TASK TO CARRY OUT:
Only one stretch of the data should be retyped: the lines from the line containing "Single-Pleat Tapered Trousers" through the line containing "Restaurant-Ready Commercial Building". Keep pictures out of it.

START DATASET ENTRIES

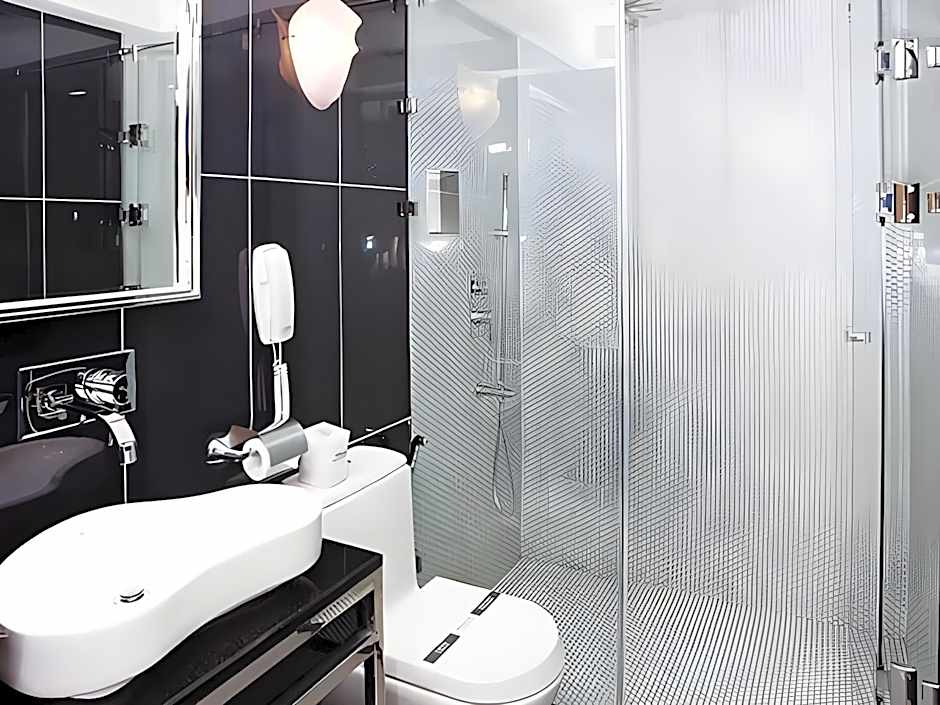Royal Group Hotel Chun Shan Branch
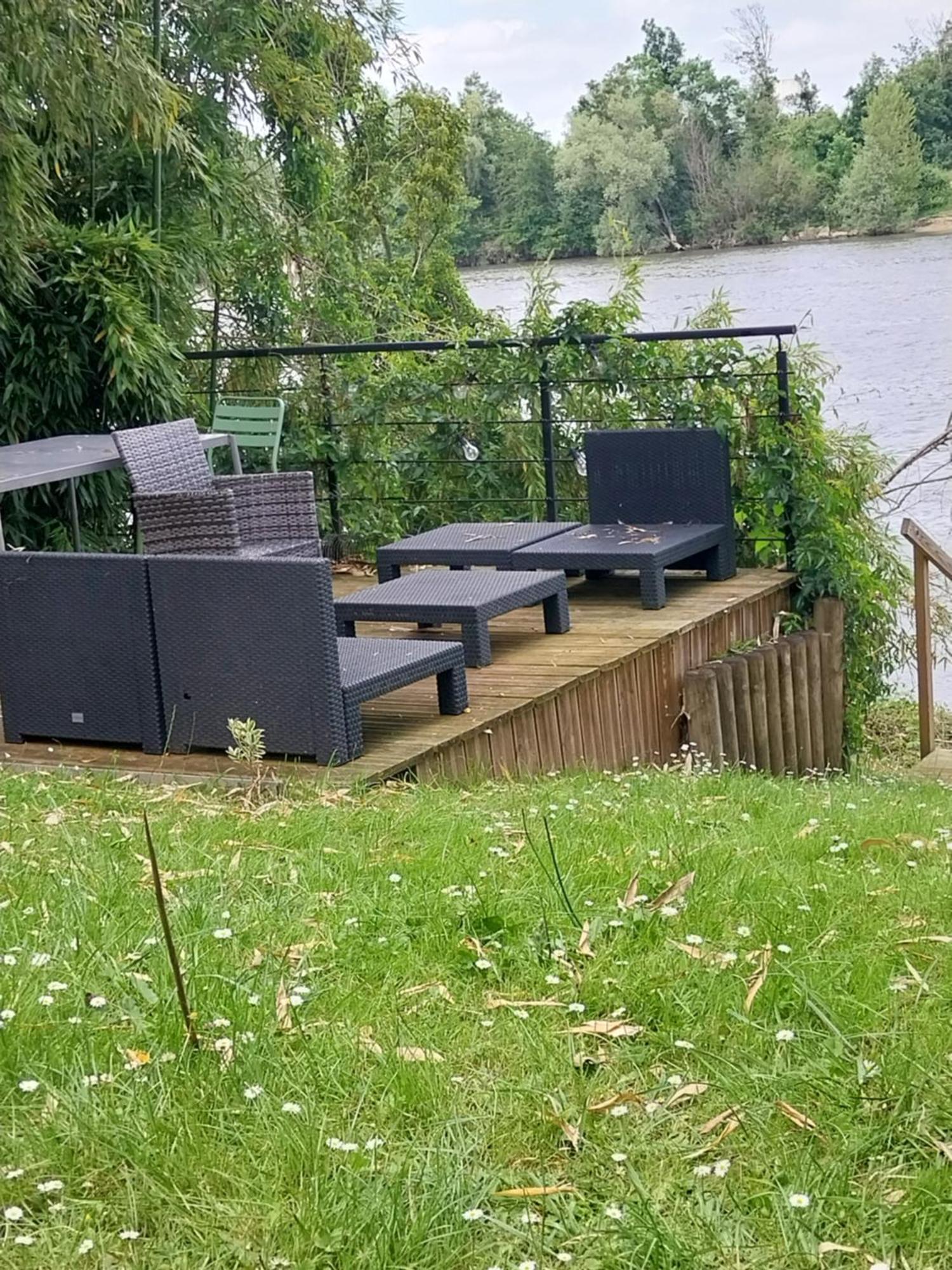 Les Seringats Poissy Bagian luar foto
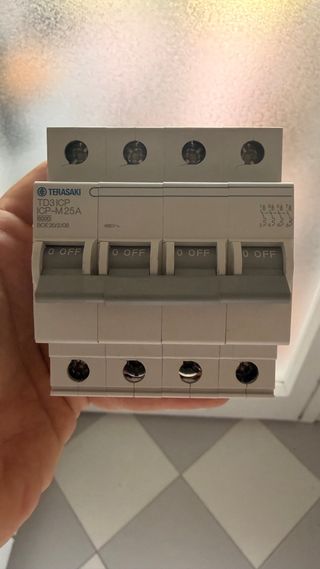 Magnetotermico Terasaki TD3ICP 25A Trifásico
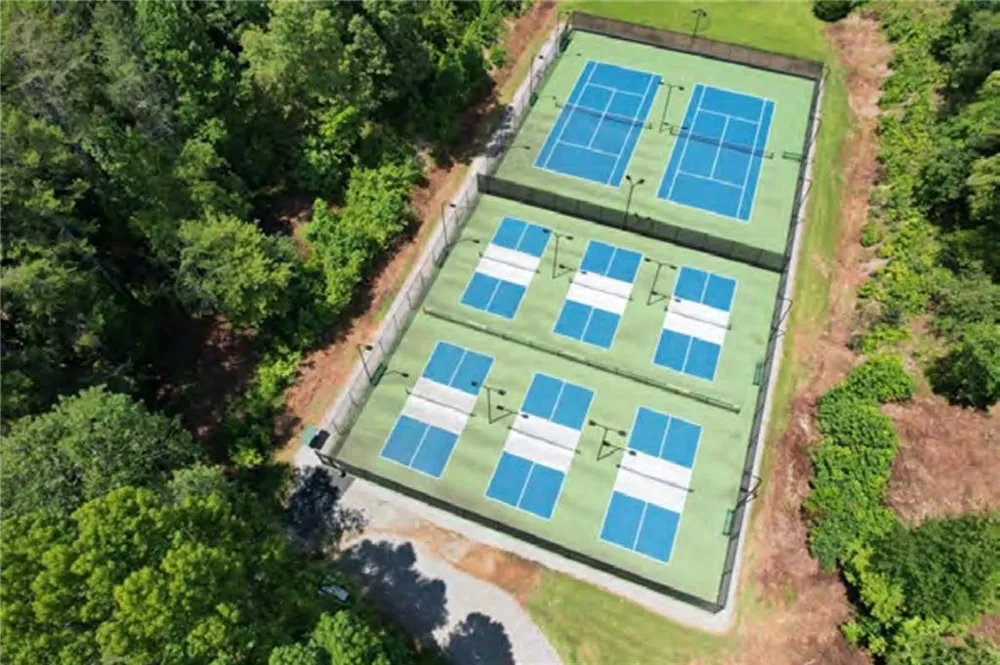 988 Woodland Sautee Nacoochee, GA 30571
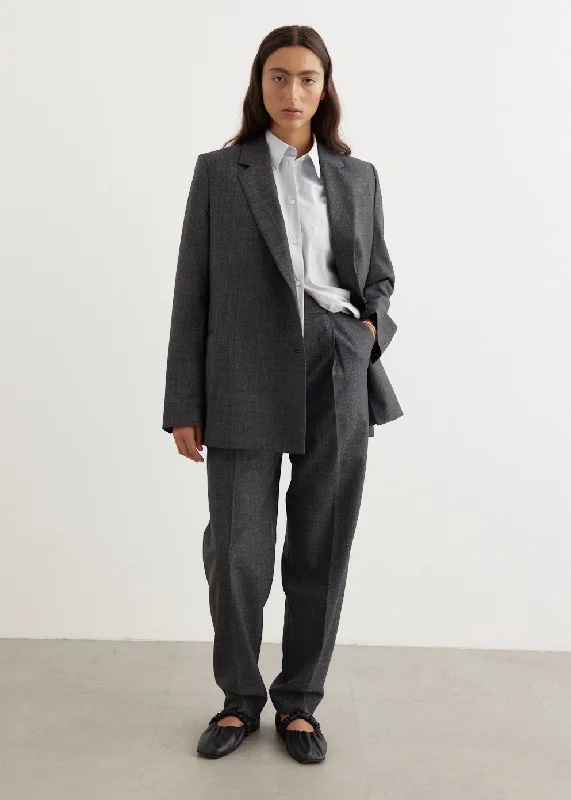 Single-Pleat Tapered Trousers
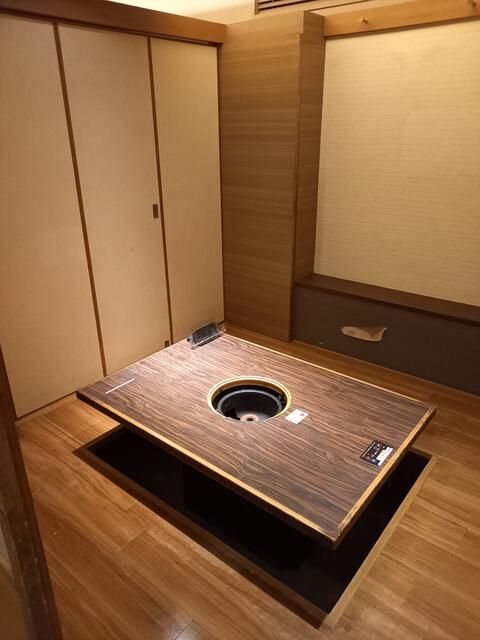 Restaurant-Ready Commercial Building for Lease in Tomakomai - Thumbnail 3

END DATASET ENTRIES
START DATASET ENTRIES

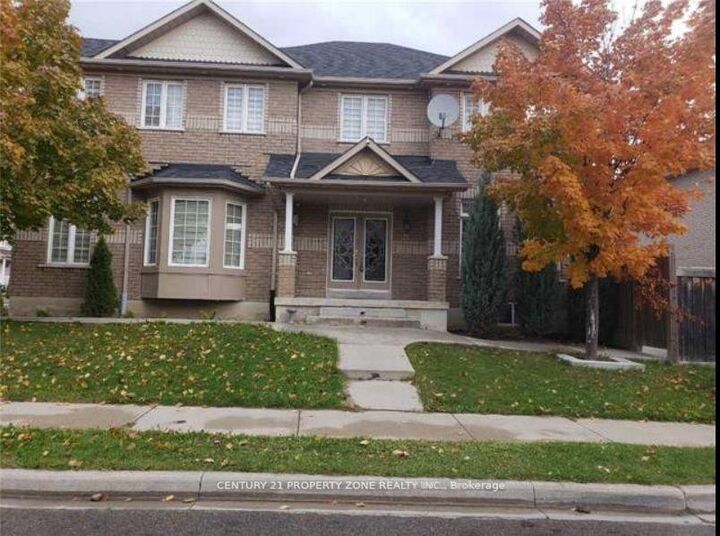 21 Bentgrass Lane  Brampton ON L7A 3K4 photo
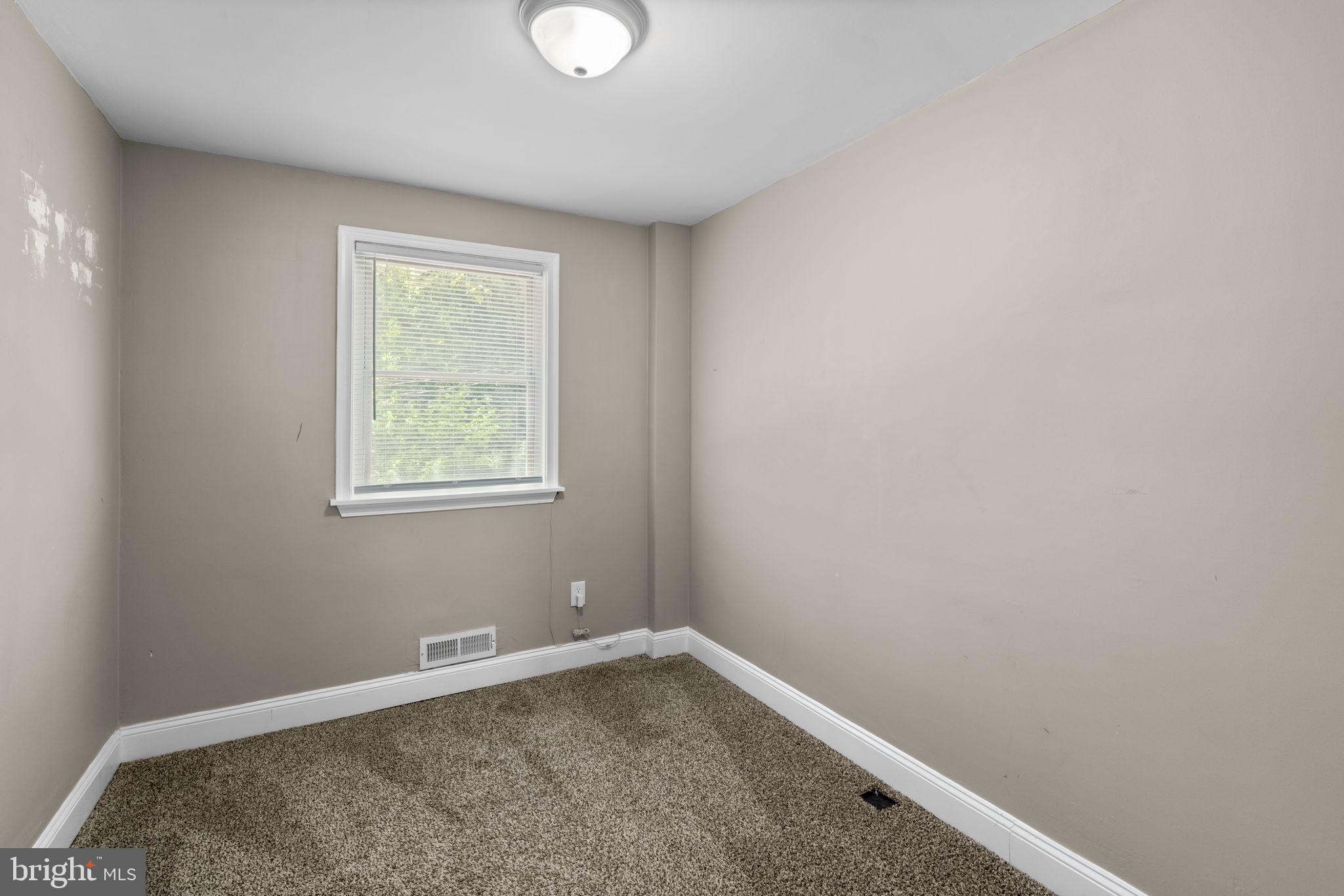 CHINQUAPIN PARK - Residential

END DATASET ENTRIES
START DATASET ENTRIES

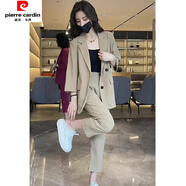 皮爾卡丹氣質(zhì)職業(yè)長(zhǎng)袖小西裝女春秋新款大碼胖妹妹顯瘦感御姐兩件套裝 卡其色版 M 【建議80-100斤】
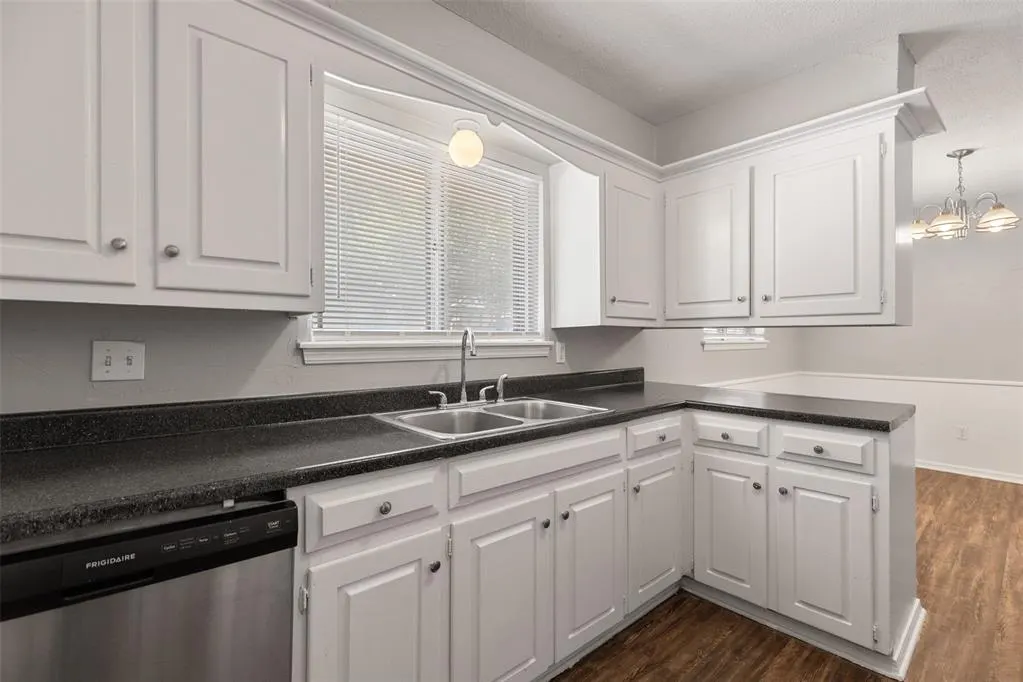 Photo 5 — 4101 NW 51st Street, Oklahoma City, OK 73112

END DATASET ENTRIES

RESULT OF THIS TASK:
 Single-Pleat Tapered Trousers
 Restaurant-Ready Commercial Building for Lease in Tomakomai - Thumbnail 3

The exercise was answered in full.